I can shoot rifles off my back porch, the land backs up to a little mountain, so it makes a good rifle range. I do have two actual firing ranges, one pistol and one rifle. Zero neighbors to the back, 1/2 mile long driveway. My neighbor has a make shift gun range out front, he wakes me up sometimes really early. A local Cop lives down the road and he loves full autos for hours with his department issued ammo. I don't complain, I probably make the most noise with my big bores. Its funny some days, I'll go test a new load and then the neighbors start up. Can't see them, but I can hear them.


----------



## markba633csi (Jun 28, 2017)

Hi Gasmith,  don't know much about guns, my Dad left me a few- Bersa is one of 'em, plus a nice double shotgun and a few others
Mark S.


----------



## gasmith (Jun 28, 2017)

markba633csi said:


> Hi Gasmith,  don't know much about guns, my Dad left me a few- Bersa is one of 'em, plus a nice double shotgun and a few others
> Mark S.


The possibilities for them are endless for a machinist.


----------



## markba633csi (Jun 28, 2017)

Lot of good machinists here, plenty of expertise whatever you need help on 
Mark S.


----------



## GA Gyro (Jun 29, 2017)

gasmith said:


> I live in Woodstock and work in Roswell.



Welcome to the forum!

Have not had as much shop time lately as I wish I could... I run a small heating and AC business (and during the summer it is hard to find time for much else).

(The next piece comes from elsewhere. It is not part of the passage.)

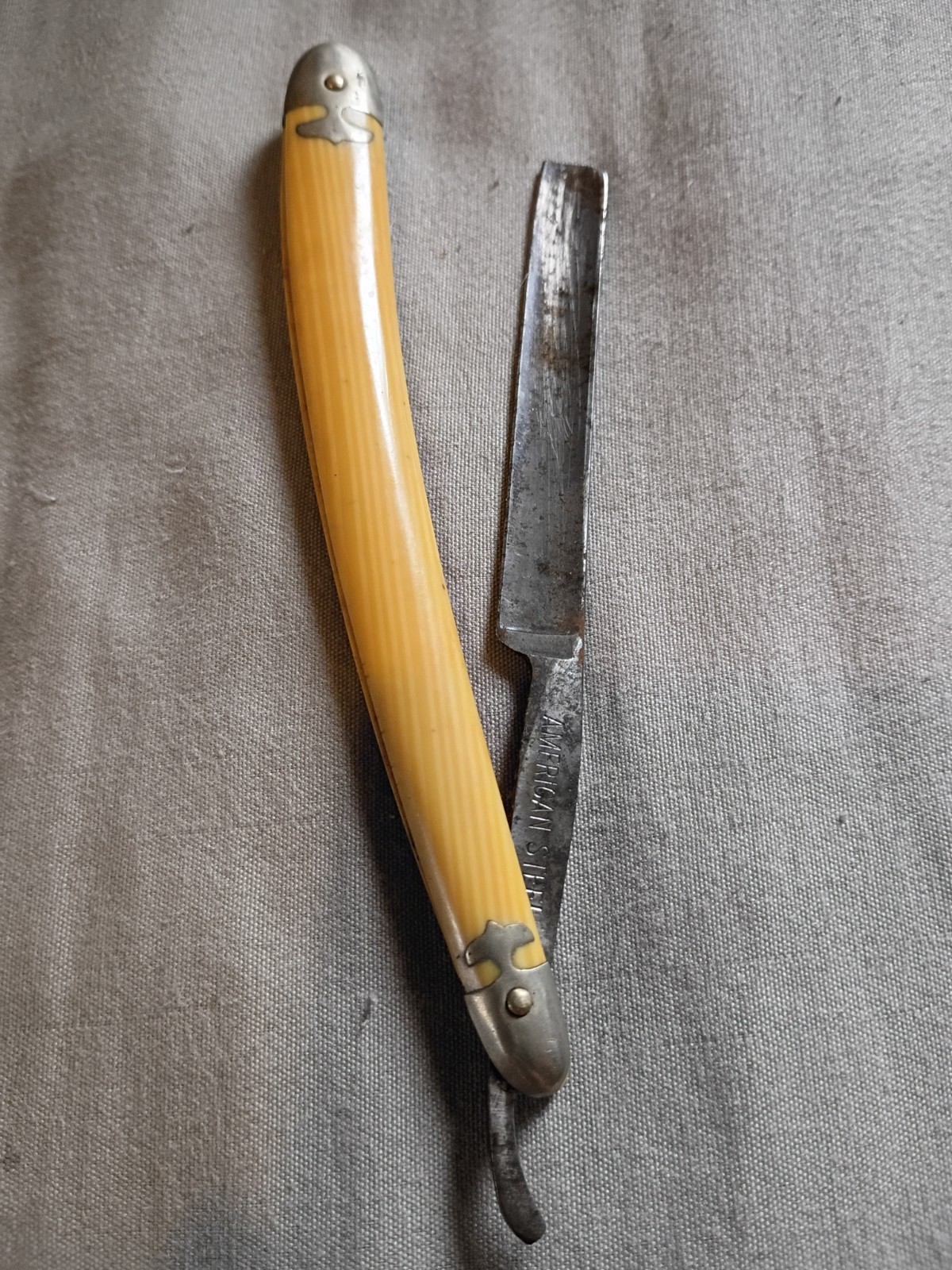 Antique American Steel Narrow Straight Razor. Antique American Steel Narrow Straight Razor.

On the firearms subject... I enjoy shooting, albeit not competitive (keeping scheduled meetings weekly is difficult with my business).
I like CZ's... have a 'tactical' and a P09... although my preferred is a Beretta 92A1

I live in the Norcross/Duluth area... 

Perhaps when AC season is over (around October)...
Us metro Atlanta folks could get together...


----------



## gasmith (Jun 29, 2017)

GA Gyro said:


> Welcome to the forum!
> 
> Have not had as much shop time lately as I wish I could... I run a small heating and AC business (and during the summer it is hard to find time for much else).
> 
> ...



Sure thing man.  The Beretta is something I can do also.  Wilson is making some good stuff for them now.


----------



## GA Gyro (Jun 29, 2017)

gasmith said:


> Sure thing man.  The Beretta is something I can do also.  Wilson is making some good stuff for them now.



Yes, Wilson makes some cool stuff for Beretta's...

So far, I have a slightly lighter hammer spring and a fat hogue grip... I have chunky hands, so a fat grip works for me.

Hope to make a range visit over the holiday weekend.  

Did you make the NRA show downtown in April... WOW that was a LOT of walking... yet grand fun!


----------



## gasmith (Jun 29, 2017)

GA Gyro said:


> Yes, Wilson makes some cool stuff for Beretta's...
> 
> So far, I have a slightly lighter hammer spring and a fat hogue grip... I have chunky hands, so a fat grip works for me.
> 
> ...



Yeah I did.  I was networking in my own back yard.  One suggestion about the Beretta, Wilson is making a complete kit for them that has a trigger bar with an overtravel stop that needs to be fit.  It also comes with a reduced power trigger spring and choice of 3 reduced power mainsprings.  If youre using the 2 lightest ones, its important to use a lighter hammer.  Beretta makes a skeletonized hammer that is cheap (or you can machine a factory one).


----------



## GA Gyro (Jun 30, 2017)

gasmith said:


> Yeah I did.  I was networking in my own back yard.  One suggestion about the Beretta, Wilson is making a complete kit for them that has a trigger bar with an overtravel stop that needs to be fit.  It also comes with a reduced power trigger spring and choice of 3 reduced power mainsprings.  If youre using the 2 lightest ones, its important to use a lighter hammer.  Beretta makes a skeletonized hammer that is cheap (or you can machine a factory one).



THX...
I think I have read about that kit... saw a video of a kit with lots of trigger parts for a 92... made a mental note to look into it this fall.
I would LOVE to get into gun-smithing... however am a bit 'gun-shy'  about the record keeping part... 
May buy you lunch this fall and get you to explain it to me.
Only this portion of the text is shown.